The Regional Council of Auvergne (, ) was the deliberative assembly of the former French region of Auvergne. The assembly sat in Clermont-Ferrand.

The regional council was made up of 47 regional councilors elected from its departments, distributed as:

 11 from Allier;
 5 from Cantal;
 8 from Haute-Loire;
 23 from Puy-de-Dôme

Headquarters 
The headquarters of the Regional Council was first located in Chamalières in the Carrefour Europe district, at 13-15 Avenue de Fontmaure.

The Regional Council moved between March and April 2014 to 59, boulevard Léon-Jouhaux in Montferrand. The various services were grouped together in a single low-consumption building built near the Roger-Quilliot art museum.

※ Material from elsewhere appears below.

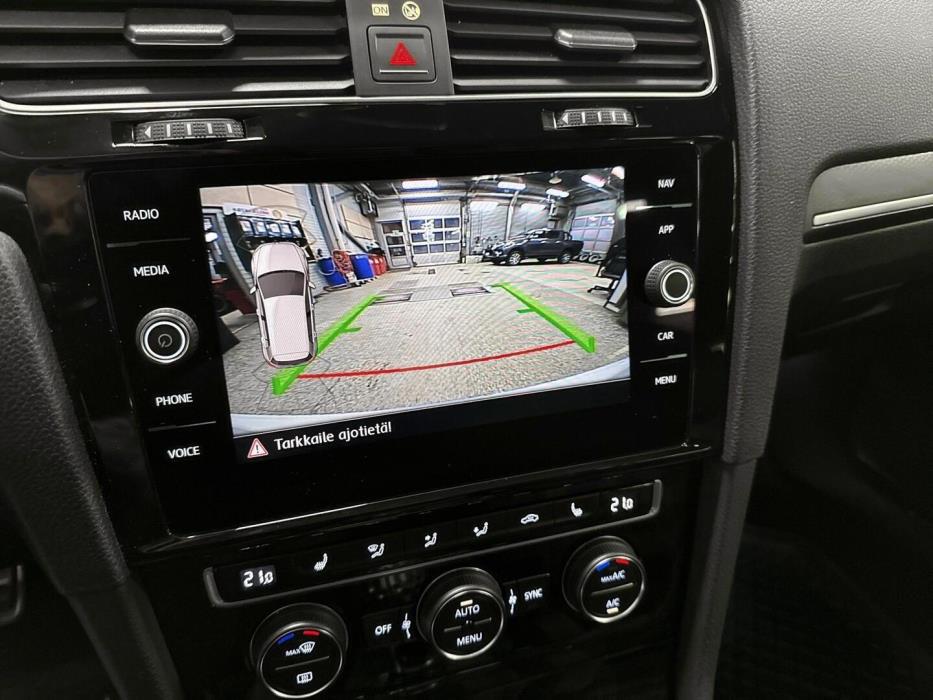 VOLKSWAGEN Golf 2018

The merger with the Rhône-Alpes region and the attachment of services and functions to the metropolis of Lyon led to the desertion of the building, the "usefulness" of which was questioned just a few days after its inauguration, the overall cost of which had cost the Auvergne region more than 80 million euros. After long controversies over the possibility of selling it or keeping it to host parliamentary sessions, the building was finally sublet to startups specializing in digital activities, to services in the metropolis of Clermont-Ferrand including the GIP Quartier numérique with budgetary management regularly pinpointed by the Court of Auditors.

Its inauguration took place on June 21, 2014.

Presidents of the Regional Council 
The Auvergne regional council has had six presidents:

Budget 
In 2014, the budget for the Auvergne region was 675 million euros, including 139 million for transport, 100 for education and high schools, 115 for vocational training and apprenticeship, and 51 for economic action.

In 2015, the budget amounted to 671 million euros, including 138 million for transport, 97 for education and high schools, 115 for vocational training and apprenticeship, and 55 for economic action.